There is such thing as a theme, even as a hack, given how ugly adwaita is (the GTK part). It's the lamest default theme there is, the Citroën CX or the Fiat Multipla of GTK themes, it already was 15-20 years ago (Gnome 2), still was 10 years ago (Gnome 3), and is even more so today (Gnome 40). Anything is better basically and justifies hacking. Every time I use it for 10 seconds to refresh a modification I made to another (modern) theme, I feel like going from a mid-segment 2020's Mercedes/Volvo to a 15 years old Dacia, suddenly I get a rough edges and cheap feeling, as if there were no finishing touches, no attention to details. The typical Red Hat half-baked design.
User themes is typically your first extension, although most distros already do that job for you.
Originally posted by nado View PostI'm not really sure how Red Hat is worse than Canonical, they don't force a proprietary distribution model on you (Canonical's Snap server implementation is closed source) or gate you into their app store.

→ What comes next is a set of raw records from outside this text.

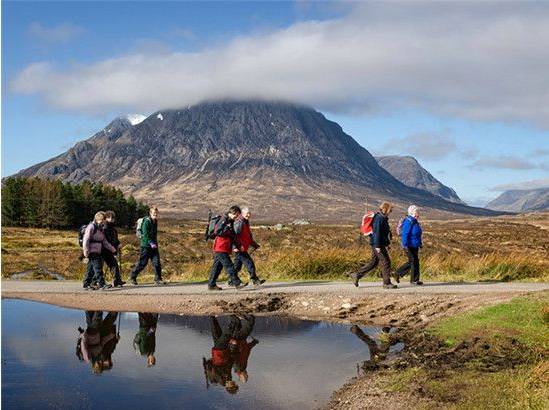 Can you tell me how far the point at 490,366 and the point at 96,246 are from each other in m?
10.9

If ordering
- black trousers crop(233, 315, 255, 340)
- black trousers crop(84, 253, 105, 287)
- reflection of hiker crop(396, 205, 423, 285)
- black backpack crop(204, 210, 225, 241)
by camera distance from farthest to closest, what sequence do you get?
black trousers crop(84, 253, 105, 287) → reflection of hiker crop(396, 205, 423, 285) → black backpack crop(204, 210, 225, 241) → black trousers crop(233, 315, 255, 340)

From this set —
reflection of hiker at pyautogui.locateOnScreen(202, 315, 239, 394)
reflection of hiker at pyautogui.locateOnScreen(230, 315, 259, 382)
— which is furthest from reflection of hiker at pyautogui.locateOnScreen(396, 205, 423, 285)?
reflection of hiker at pyautogui.locateOnScreen(202, 315, 239, 394)

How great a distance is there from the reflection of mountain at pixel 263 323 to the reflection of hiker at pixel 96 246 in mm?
3589

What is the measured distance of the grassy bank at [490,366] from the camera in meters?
7.31

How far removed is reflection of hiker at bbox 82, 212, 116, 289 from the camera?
652 inches

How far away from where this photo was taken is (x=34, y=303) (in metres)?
15.7

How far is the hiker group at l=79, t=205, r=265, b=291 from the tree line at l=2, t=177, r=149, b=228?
72339mm

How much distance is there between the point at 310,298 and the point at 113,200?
282 feet

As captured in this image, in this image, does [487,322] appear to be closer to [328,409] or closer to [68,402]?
[328,409]

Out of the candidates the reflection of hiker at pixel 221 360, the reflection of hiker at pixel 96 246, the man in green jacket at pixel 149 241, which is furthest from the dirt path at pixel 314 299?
the reflection of hiker at pixel 221 360

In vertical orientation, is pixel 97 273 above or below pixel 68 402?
above

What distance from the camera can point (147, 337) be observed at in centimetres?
1199

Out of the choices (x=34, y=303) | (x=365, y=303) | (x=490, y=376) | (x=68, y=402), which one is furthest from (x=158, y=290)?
(x=490, y=376)

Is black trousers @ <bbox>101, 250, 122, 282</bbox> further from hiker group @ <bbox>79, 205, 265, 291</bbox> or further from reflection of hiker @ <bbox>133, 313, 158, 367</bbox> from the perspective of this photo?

I would love to be free of all large corporations having significant control over Linux, but that's a pipe dream at this point. There wouldn't be enough resources to manage Linux and its accompanying software such as Firefox in the constantly changing nature of internet and software.

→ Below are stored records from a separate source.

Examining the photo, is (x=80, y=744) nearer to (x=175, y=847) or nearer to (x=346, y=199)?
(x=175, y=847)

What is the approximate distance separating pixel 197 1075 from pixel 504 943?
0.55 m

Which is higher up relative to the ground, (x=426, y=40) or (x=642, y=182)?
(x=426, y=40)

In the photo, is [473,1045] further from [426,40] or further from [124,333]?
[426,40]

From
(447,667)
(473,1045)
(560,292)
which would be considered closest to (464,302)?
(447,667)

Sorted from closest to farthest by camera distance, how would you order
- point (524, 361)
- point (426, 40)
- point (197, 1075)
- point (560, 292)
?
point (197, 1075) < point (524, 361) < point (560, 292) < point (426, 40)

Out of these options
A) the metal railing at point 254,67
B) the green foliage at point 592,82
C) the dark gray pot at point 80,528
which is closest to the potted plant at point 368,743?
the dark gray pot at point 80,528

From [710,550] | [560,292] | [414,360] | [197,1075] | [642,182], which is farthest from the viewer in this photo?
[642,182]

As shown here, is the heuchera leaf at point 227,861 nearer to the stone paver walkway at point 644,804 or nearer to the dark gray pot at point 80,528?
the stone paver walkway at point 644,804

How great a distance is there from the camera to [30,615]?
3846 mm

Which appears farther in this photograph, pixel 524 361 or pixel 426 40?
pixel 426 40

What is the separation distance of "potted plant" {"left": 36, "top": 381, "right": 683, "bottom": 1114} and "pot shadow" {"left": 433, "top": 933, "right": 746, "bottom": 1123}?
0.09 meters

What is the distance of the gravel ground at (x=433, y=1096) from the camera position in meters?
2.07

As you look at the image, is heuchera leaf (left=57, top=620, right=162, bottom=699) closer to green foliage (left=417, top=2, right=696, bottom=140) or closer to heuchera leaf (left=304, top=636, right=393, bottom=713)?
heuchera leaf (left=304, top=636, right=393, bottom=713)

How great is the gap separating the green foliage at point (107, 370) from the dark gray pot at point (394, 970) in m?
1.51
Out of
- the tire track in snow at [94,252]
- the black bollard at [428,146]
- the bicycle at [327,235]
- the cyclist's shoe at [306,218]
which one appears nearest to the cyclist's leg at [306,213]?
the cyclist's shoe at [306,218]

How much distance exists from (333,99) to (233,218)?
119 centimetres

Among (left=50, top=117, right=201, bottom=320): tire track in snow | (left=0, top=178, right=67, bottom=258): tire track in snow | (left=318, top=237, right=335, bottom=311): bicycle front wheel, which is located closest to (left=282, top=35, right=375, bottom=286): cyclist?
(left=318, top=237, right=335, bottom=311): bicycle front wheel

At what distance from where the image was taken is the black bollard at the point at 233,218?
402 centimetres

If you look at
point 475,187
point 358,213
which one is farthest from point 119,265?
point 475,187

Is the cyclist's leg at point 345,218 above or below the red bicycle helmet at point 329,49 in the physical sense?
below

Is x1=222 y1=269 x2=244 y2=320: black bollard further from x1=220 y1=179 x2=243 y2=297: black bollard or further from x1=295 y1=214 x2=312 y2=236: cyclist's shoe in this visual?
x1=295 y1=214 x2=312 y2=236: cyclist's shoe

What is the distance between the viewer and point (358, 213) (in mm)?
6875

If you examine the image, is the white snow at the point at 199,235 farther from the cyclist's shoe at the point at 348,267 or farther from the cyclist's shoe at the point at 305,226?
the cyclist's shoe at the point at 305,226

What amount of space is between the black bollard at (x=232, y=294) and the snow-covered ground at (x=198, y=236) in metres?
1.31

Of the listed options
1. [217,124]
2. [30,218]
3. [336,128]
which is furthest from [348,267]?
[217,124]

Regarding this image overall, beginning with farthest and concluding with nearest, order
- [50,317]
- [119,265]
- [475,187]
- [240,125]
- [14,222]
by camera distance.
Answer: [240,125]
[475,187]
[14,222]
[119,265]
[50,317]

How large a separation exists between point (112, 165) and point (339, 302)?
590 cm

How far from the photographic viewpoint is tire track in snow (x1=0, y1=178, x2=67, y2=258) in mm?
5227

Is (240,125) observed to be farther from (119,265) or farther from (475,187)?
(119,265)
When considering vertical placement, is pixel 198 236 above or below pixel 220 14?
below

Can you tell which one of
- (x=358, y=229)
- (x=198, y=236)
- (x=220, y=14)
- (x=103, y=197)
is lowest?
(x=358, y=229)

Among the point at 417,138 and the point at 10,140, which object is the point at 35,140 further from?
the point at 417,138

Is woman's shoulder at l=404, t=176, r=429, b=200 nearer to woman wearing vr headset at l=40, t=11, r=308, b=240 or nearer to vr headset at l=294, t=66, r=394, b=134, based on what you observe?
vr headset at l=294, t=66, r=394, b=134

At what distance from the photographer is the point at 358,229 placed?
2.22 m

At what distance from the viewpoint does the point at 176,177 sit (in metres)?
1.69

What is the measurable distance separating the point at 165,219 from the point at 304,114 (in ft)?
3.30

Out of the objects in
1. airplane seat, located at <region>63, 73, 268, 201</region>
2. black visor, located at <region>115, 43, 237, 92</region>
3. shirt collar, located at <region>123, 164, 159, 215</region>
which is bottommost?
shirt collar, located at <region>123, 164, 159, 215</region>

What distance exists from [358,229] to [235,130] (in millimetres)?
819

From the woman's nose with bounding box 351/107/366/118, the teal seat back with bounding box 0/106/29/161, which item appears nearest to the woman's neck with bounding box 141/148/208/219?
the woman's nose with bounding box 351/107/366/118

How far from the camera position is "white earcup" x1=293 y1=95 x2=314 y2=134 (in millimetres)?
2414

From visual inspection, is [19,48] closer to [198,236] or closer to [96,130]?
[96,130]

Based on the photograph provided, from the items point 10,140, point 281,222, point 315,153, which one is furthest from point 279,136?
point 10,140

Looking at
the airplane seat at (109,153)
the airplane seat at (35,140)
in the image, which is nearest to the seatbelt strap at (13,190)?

Although Canonical and Ubuntu are much more user-centric and focused on satisfying the variety of workflows and use cases, they might sometimes force you into something as well, and to get back (slightly) to the topic, snap is indeed an example of that, as they try to blur the frontier and to install snap without you always being aware of it. Which is why I have used "apt-mark hold snapd" so as not to be bothered. It might seem paradoxical with what I said above, but I stress this because I'm not always in line with what they do, I'm not following them blindly. Never have, never will. I'm not convinced by their every move. Yet, in general (beside some exceptions) they try to empower their users and offer them options so that they can decide for themselves. I've never felt trapped with them the way I am when using Gnome or wayland (both RH babies).
It's not about big corporations in my case. It really is about the Red Hat mindset. It's contrary to my principles (everyone should be empowered to decide what is best for him/her, even if I don't like something, e.g. desktop icons, I still expect others who need it to have it). That's also why I like Canonical, they're the only ones standing up against the Red Hat dictatorship tendencies. They don't have the same financial means, so they can't completely oppose. But at least they have the balls to take a different path and pull their design from users when Red Hat is not being pragmatic and is trying to push their dev-centric approach to everyone.
Originally posted by nado View PostWe don't know if Flatpak/Snaps/AppImage are the way forward yet, just like we don't know if Wayland will be the true succesor to X, but the work and research done implementing these solutions is valuable regardless - the knowledge and experiences gained will be useful for evaluating future solutions.